## [Supplied records]
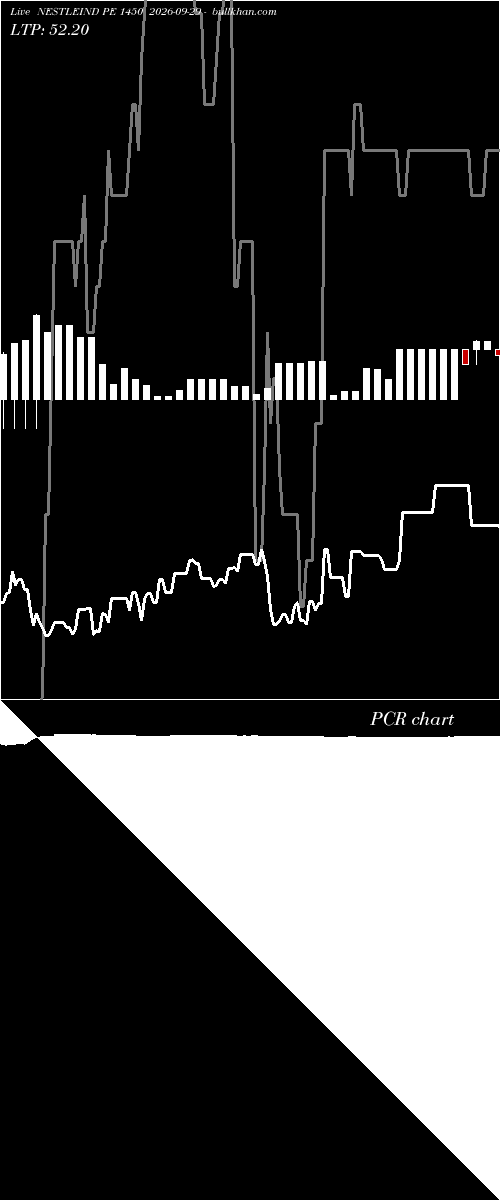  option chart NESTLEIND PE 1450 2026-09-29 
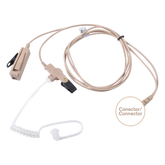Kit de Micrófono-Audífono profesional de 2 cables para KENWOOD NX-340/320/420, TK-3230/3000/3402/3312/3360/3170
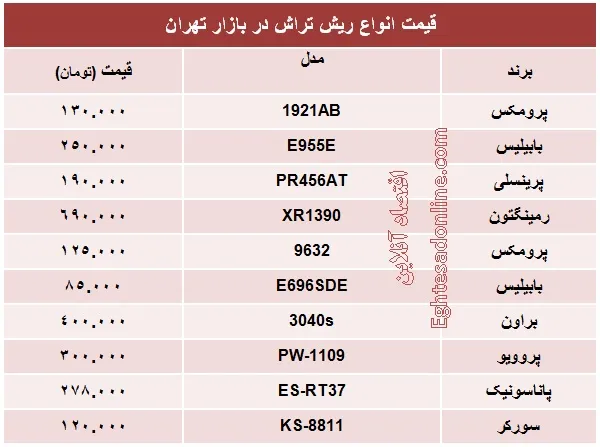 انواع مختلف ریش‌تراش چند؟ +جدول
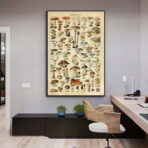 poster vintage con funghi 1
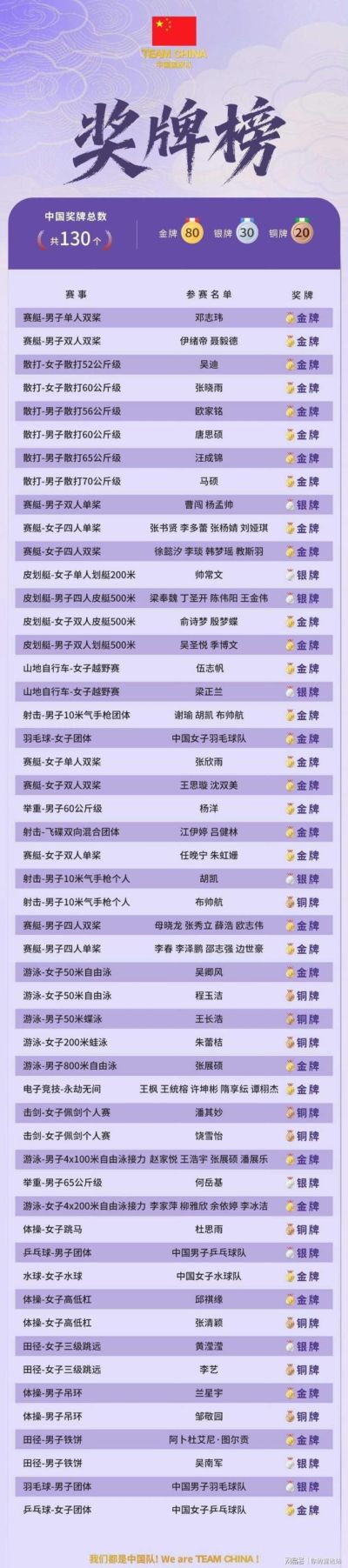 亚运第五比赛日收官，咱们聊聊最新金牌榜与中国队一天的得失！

## [Problem details]
Leave out the pictures, and extract exactly the lines from the one with "poster vintage con funghi 1" through the end of the records, both ends included.

## [Finished task]
 poster vintage con funghi 1
 亚运第五比赛日收官，咱们聊聊最新金牌榜与中国队一天的得失！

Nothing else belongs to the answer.